So, we've seen that the complexity of variable elimination is related to the elimination ordering. Unfortunately, finding the best elimination ordering is NP-hard. Though, there are some heuristics.

### Intermediate Factors¶

In the above examples, each time we eliminated a variable it resulted in a new conditional or marginal distribution. However, in general eliminating does not produce a valid marginal or conditional distribution of the graphical model.

Consider the distribution given by

$p(X,A,B,C) = p(X) p(A \vert X) p(B \vert A) p(C \vert B,X)$ Suppose we want to marginalize over $$X$$:

\begin{aligned} p(A,B,C) &= \sum_X p(X) p(A \vert X) p(B \vert A) p(C \vert B,X)\\ &= p(B \vert A) \sum_X p(X) p(A \vert X) p(C \vert B,X) \end{aligned}

However, the resulting term $$\sum_X p(X) p(A \vert X) p(C \vert B,X)$$ does not correspond to a valid conditional or marginal distribution because it is unnormalized.

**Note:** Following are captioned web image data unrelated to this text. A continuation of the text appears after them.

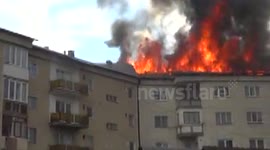 VIOLENT FIRE - 800 square meters of the roof of a building in Sighet was consumed by flames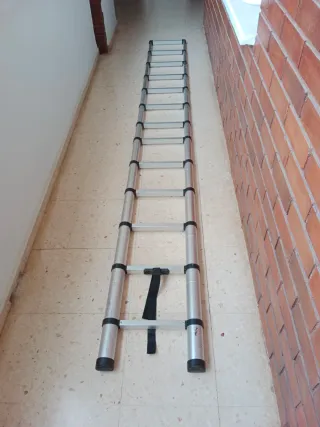 Escalera telescópica aluminio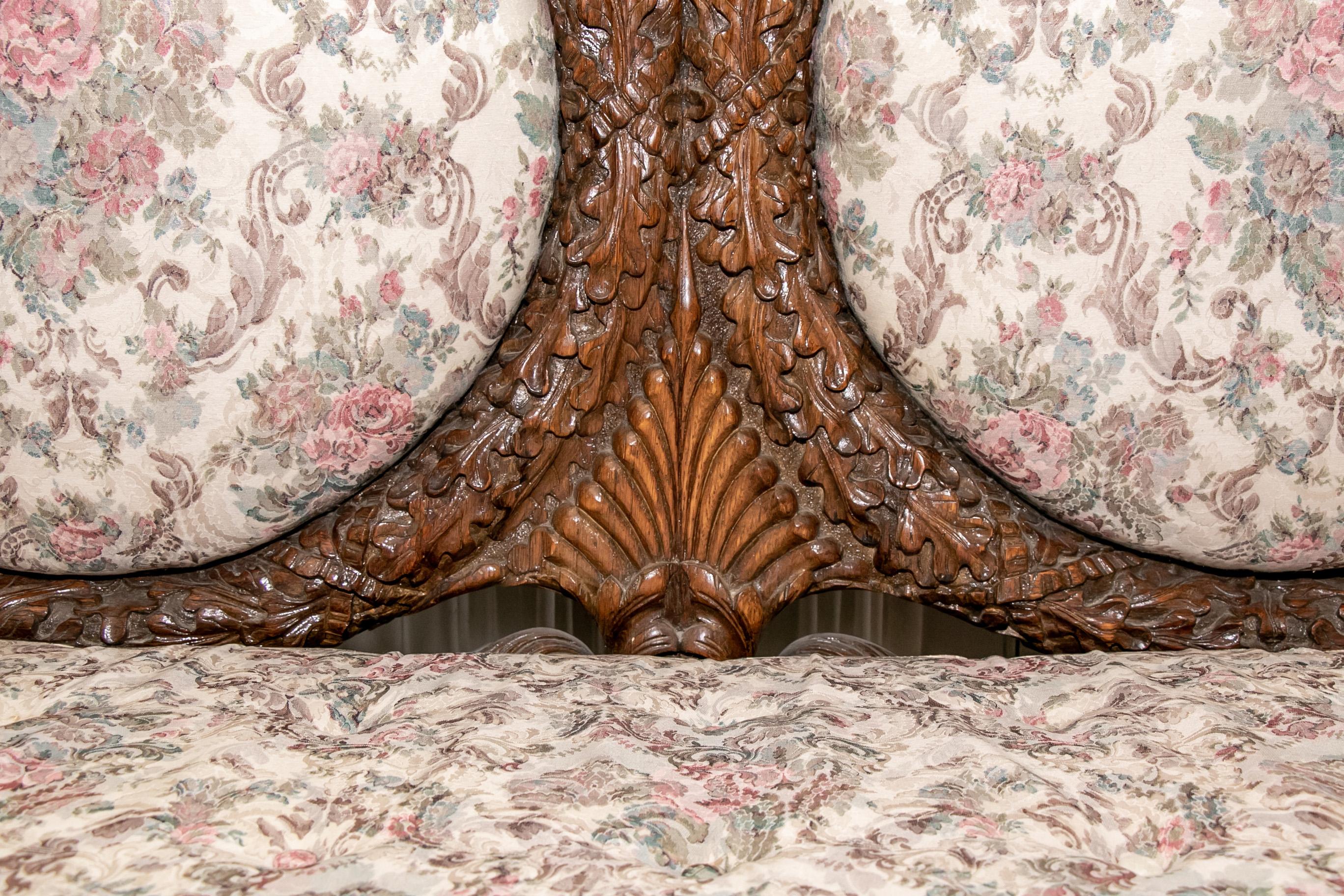 Late 19th Century Ornately Carved Oak Settee For Sale 5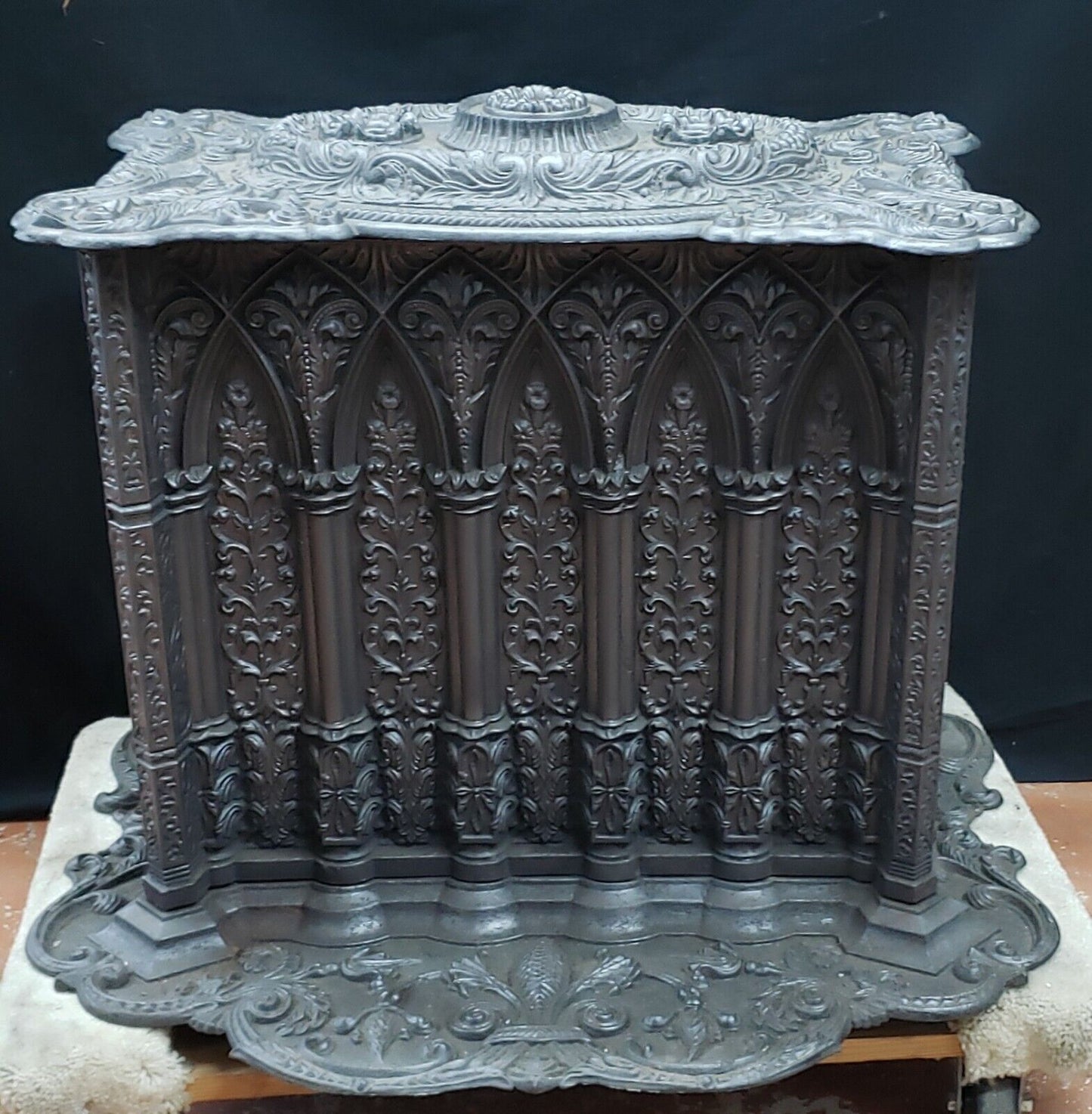 1845 Victorian Atwood Cole & Crane Cast Iron Parlor Stove #2 GA9650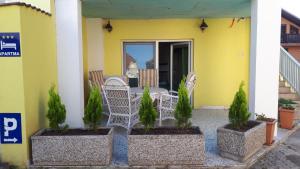 un patio con sillas y una mesa frente a una casa en Helena, en Trzin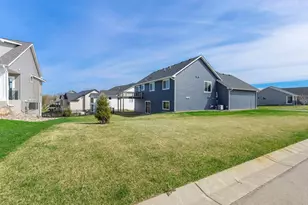 18591 Hexham Ln, Lakeville, MN 55044 - Photo 6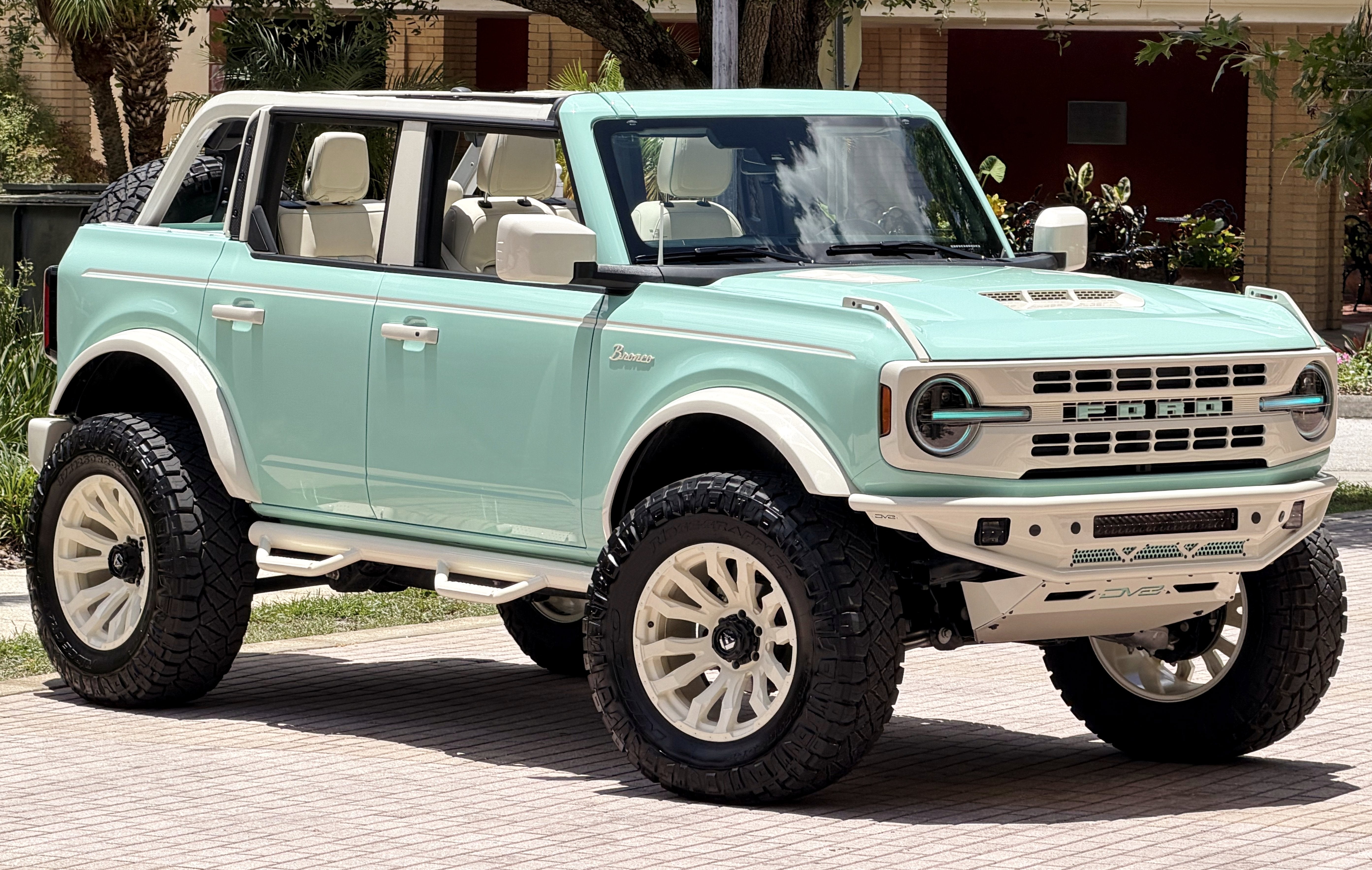 2025 Ford Bronco V6 Wimbledon White Retro Outer Banks Luxury Pkg Custom Lifted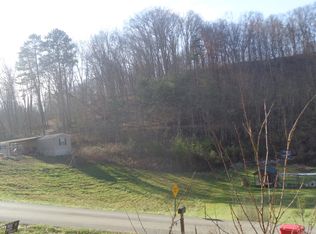 31 Freeman Branch Rd, East Bernstadt, KY 40729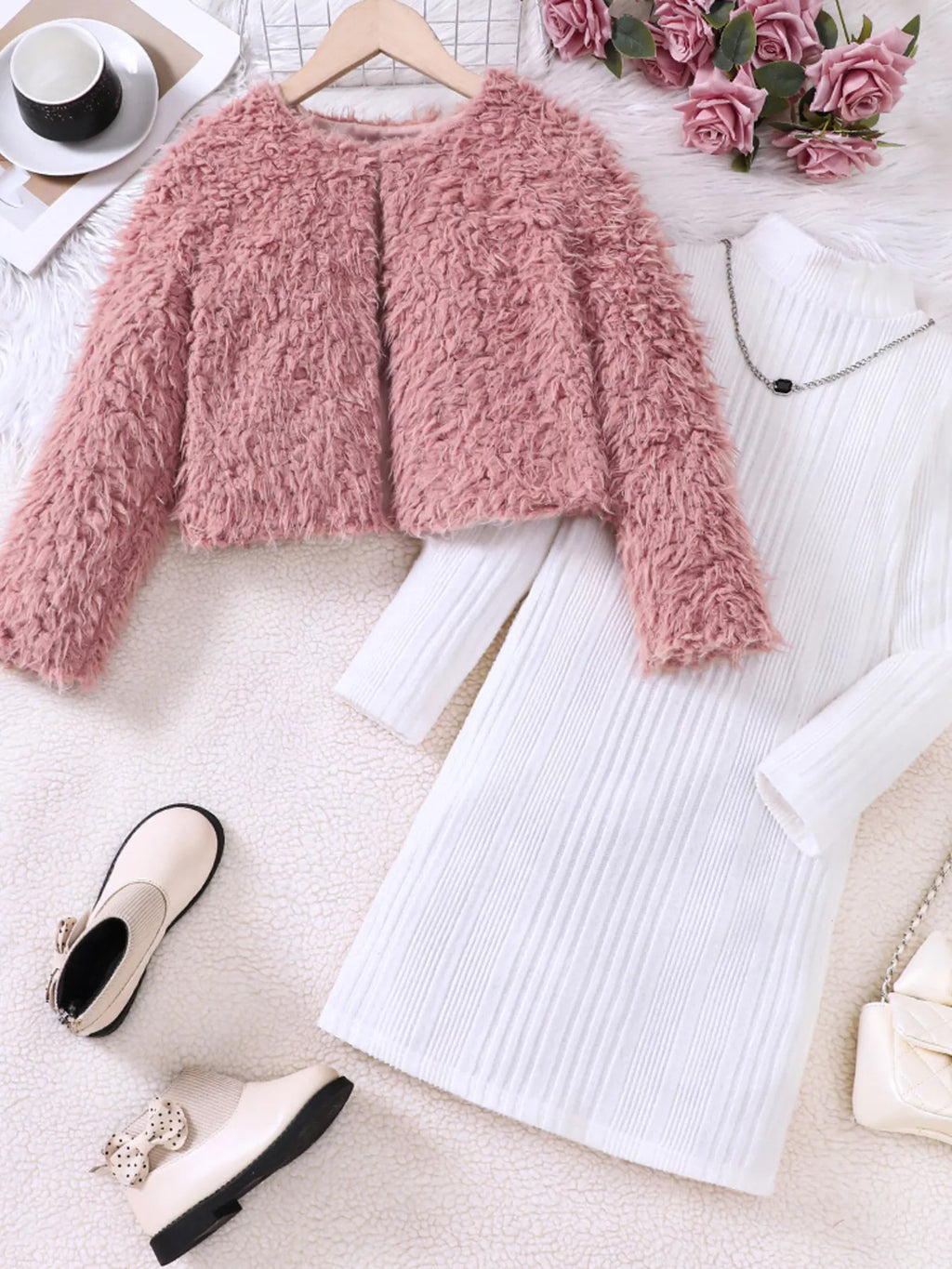 👗 Vue complète ensemble 2 pièces veste fausse fourrure robe côtelée coordonnées fille - coupe flatteuse silhouette élégante féminine - tissus doux confortables chaleur - design luxueux glamour chic - style polyvalent automne hiver - vêtements premium BabyCoton Suisse

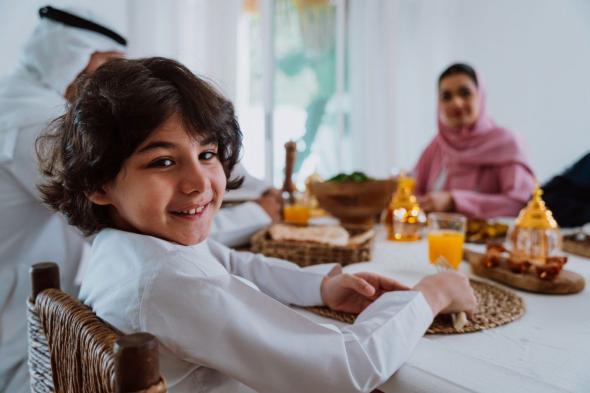 كيفية
تحضير
الأطفال
للصيام
لأول
مرة
في
رمضان
صحياً
واجتماعياً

For this reason we introduce factors $$\phi$$ which are not necessarily normalized distributions, but which describe the local relationship between random variables.

In the above example:

\begin{aligned} p(A,B,C) &= \sum_X p(X) p(A \vert X) p(B \vert A) p(C \vert B,X)\\ &= \sum_X \phi(X) \phi(A, X) \phi(A,B) \phi(X,B,C)\\ &= \phi(A,B) \sum_X \phi(X) \phi(A, X) \phi(X,B,C)\\ &= \phi(A,B) \tau(A,B,C)\\ \end{aligned}

In this case the original conditional distributions are represented by factors over all variables involved. This obfuscates the dependence relationship between the variables encoded by the conditional distribution. Following marginalizing over $$X$$ we introduce a new factor, denoted by $$\tau$$ over the remaining variables.

Note that for directed acyclic graphical models, who are defined by factorizing the joint into conditional distributions, we introduce intermediate factors to only be careful about notation.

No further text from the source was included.